Fire/life safety is perhaps the most important area in which a facility manager is involved, and it requires the individual to have some knowledge about a wide range of topics, including operational considerations, testing and inspection requirements and policies and procedures. Specifically, experts note that a facility manager needs to know at least a little bit about the sprinkler system and the fire alarm system and have some knowledge about fire drills, emergency planning, housekeeping and storage practices, as well as a building's fire egress features. The individual also needs to make sure the various systems are regularly inspected and tested, and that they meet local codes and regulations.
"In many organizations, there may not be another internal fire safety professional or another internal life safety professional," David Stymiest, senior consultant for compliance and facilities management with Smith Seckman Reid Inc., says via email. "As a result, this role falls to the FM, who must continue to become more of a generalist."
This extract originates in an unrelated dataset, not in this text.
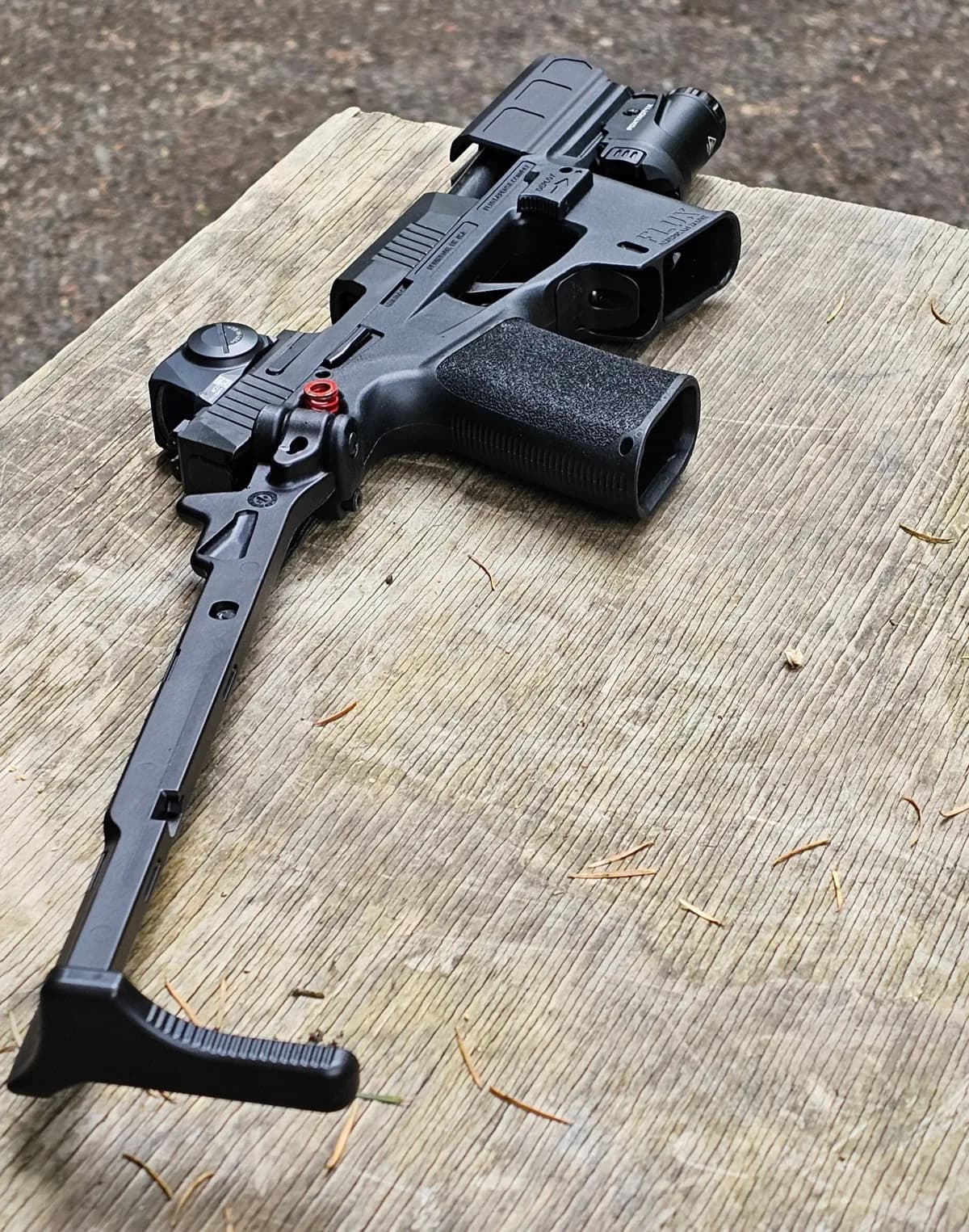 SIG P365-FLUX TACKIT with brace fully deployed, laid across a wood shooting bench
Every building should have a written, comprehensive fire/life safety plan. In fact, having a plan, reviewing it and testing it are some of the best practices a facility manager can have. Documenting all testing procedures is particularly important, says Chris Jelenewicz, engineering program manager, Society of Fire Protection Engineers. After a fire, for example, steps will be taken to determine why it occurred and whether any mistakes were made.
"I don't want to be the facility manager who doesn't have his 'i's dotted," he says. "They will ask whether you tested the fire alarm in accordance with standards and, if you don't have documentation, you'll be in trouble. So document the testing procedures in as much detail as possible and consult an expert."
In addition, a comprehensive plan needs to reflect changes made to a structure, such as an expansion or a change of use, Jelenewicz says. The changes could be as simple as turning an office into a conference room or as complex as having people work in an area that was previously used for storing chemicals.
"Most facilities change over time — the occupancy, the nature of the people in the building, the size — so plans should be adopted for those changes as the changes occur," adds Carl Baldassarra, executive vice president for The RJA Group Inc.
Having an evacuation plan as part of a fire/life safety plan is a crucial operational consideration, as is practicing the plan with a building's staff and day-to-day occupants. While it sounds simple, Jelenewicz notes that evacuating certain structures, such as a high-rise building or an arena, can be more complex than evacuating others. A facility manager needs to know how everyone — staff, tenants and visitors — should respond. The facility manager should also identify the roles for the staff, particularly in buildings that people don't typically occupy each day, Jelenewicz says.